[Data entries]
=-=-=

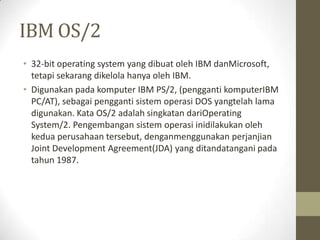 IBM OS/2
• 32-bit operating system yang dibuat oleh IBM danMicrosoft,
tetapi sekarang dikelola hanya oleh IBM.
• Digunakan pada komputer IBM PS/2, (pengganti komputerIBM
PC/AT), sebagai pengganti sistem operasi DOS yangtelah lama
digunakan. Kata OS/2 adalah singkatan dariOperating
System/2. Pengembangan sistem operasi inidilakukan oleh
kedua perusahaan tersebut, denganmenggunakan perjanjian
Joint Development Agreement(JDA) yang ditandatangani pada
tahun 1987.

 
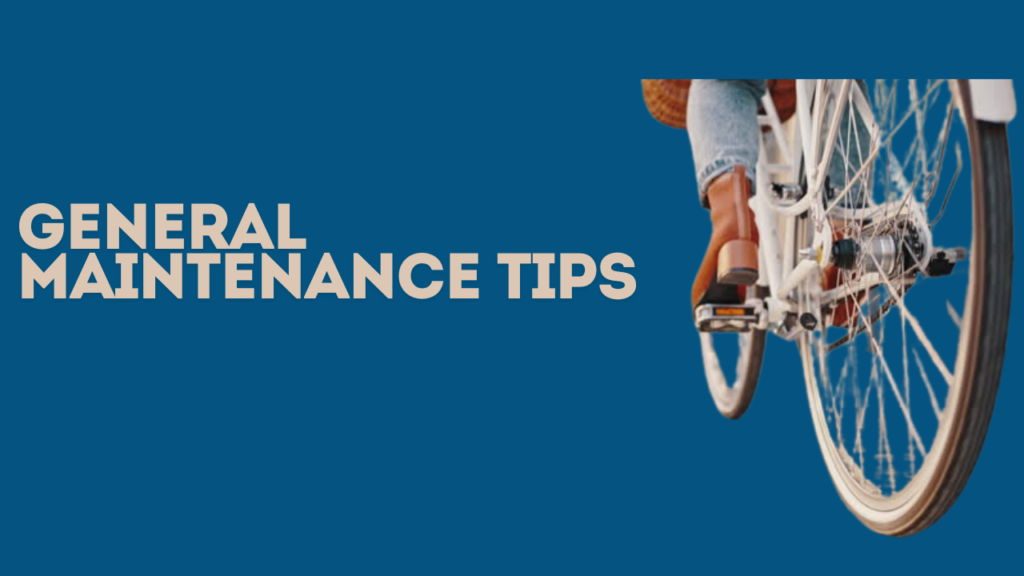 General Maintenance Tips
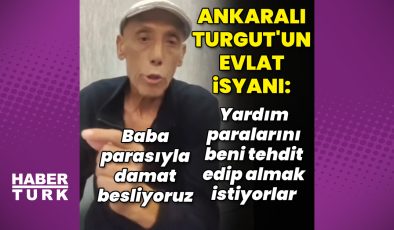 Ankaralı Turgut isyan etti: Baba parasıyla damat besliyoruz – Magazin haberleri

=-=-=

Problem
Beginning with the line that contains "tetapi sekarang dikelola hanya oleh IBM.", repeat every remaining line of the data exactly, the last line included, and omit pictures.

Task response
tetapi sekarang dikelola hanya oleh IBM.
• Digunakan pada komputer IBM PS/2, (pengganti komputerIBM
PC/AT), sebagai pengganti sistem operasi DOS yangtelah lama
digunakan. Kata OS/2 adalah singkatan dariOperating
System/2. Pengembangan sistem operasi inidilakukan oleh
kedua perusahaan tersebut, denganmenggunakan perjanjian
Joint Development Agreement(JDA) yang ditandatangani pada
tahun 1987.

 
 General Maintenance Tips
 Ankaralı Turgut isyan etti: Baba parasıyla damat besliyoruz – Magazin haberleri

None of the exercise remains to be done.